Saturday 7 December 2019

Business briefs: Limerick oil company circling Morocco

LIMERICK-based Circle Oil has began a 12-well drilling programme in Morocco. The first well broke ground in recent days and has two main targets with an estimated combined resource of 2.8 bn cubic feet of gas. Circle, which has operations in Egypt and Morocco and licences in Tunisia and Oman, is currently producing 7m standard cubic feet of gas per day from its existing Moroccan licences.

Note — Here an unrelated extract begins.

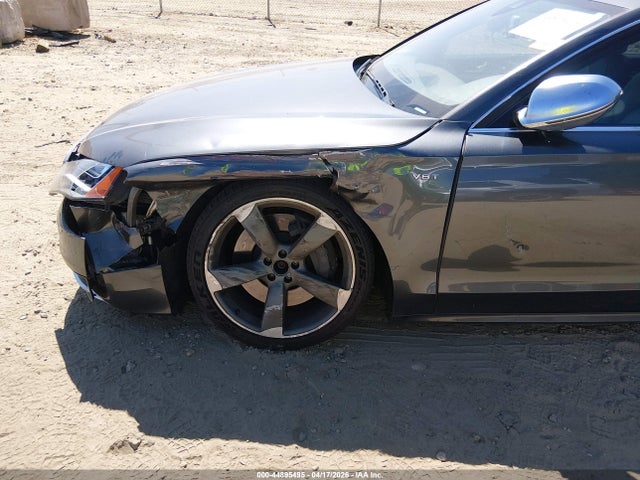 44895495 :رقم المزاد ، WAUD2AFD0DN011341 vin ، 2013 Audi S8 4.0t مزاد بيع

FASTER-than-expected gains in US natural gas inventories are easing concern that a shortage is looming next winter. Money managers' net-long position fell 9.1pc last week to the lowest level since December, the US Commodity Futures Trading Commission said. Bearish wagers are the highest in more than four months. Gas futures fell 9.2pc in the period as stockpile gains topped analysts' forecasts for a third week.

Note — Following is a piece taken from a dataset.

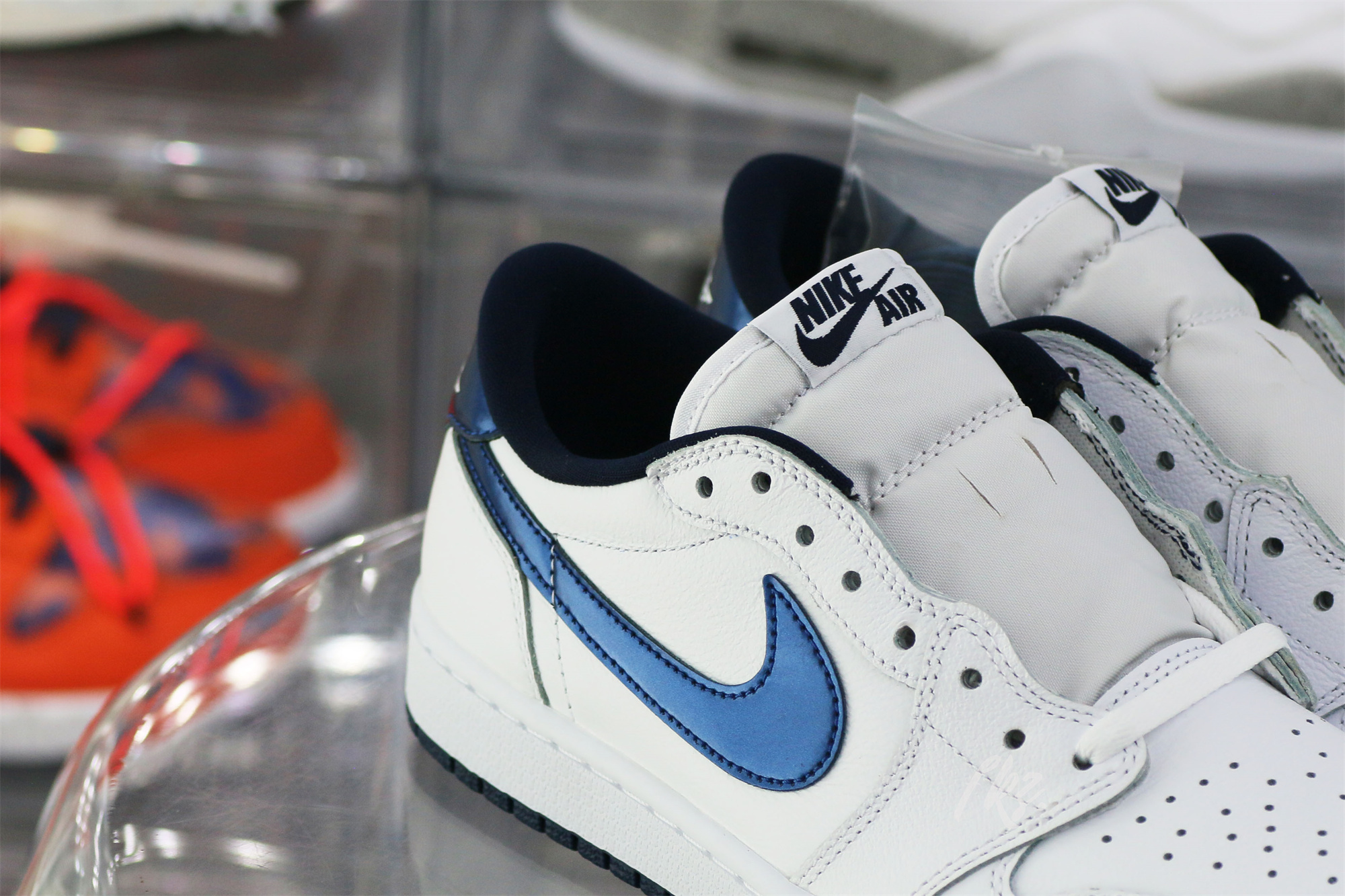 Air Jordan 1 Retro Low Metallic Blue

EUROPEAN central banks made a fourth gold agreement, without a cap on sales for the first time. The European Central Bank and 20 others said they currently do not have any plans to dispose of "significant" amounts of gold, without giving a limit. Banks agreed to cap sales at 400 tonnes of the metal a year through September 2014, and no more than 500 tonnes a year in the pact that expired in September 2009.


THE two new nominees to the Federal Reserve's Board of Governors are expected to push for an expanded Fed role in managing the US economy. The arrival of former Bank of Israel Governor Stanley Fischer and former US Treasury official Lael Brainard will add two strong voices to Chair Janet Yellen's view that loose monetary policy needs to be extended. Fischer intervened directly in Israel's mortgage market to tackle a real estate bubble, while Brainard pushed for aggressive action from the European Central Bank in the eurozone crisis.


EUROPE'S biggest insurer Allianz has begun applying a notional charge in its accounts to reflect the risk of holding government bonds as investments, drawing a lesson from the euro zone debt crisis that may prompt others to follow suit. Government bonds, which account for the lion's share of insurers' investments, are treated as risk-free by regulators. But the fallacy of that position became clear when the spectre of default threatened a number of European countries in the wake of the financial crisis.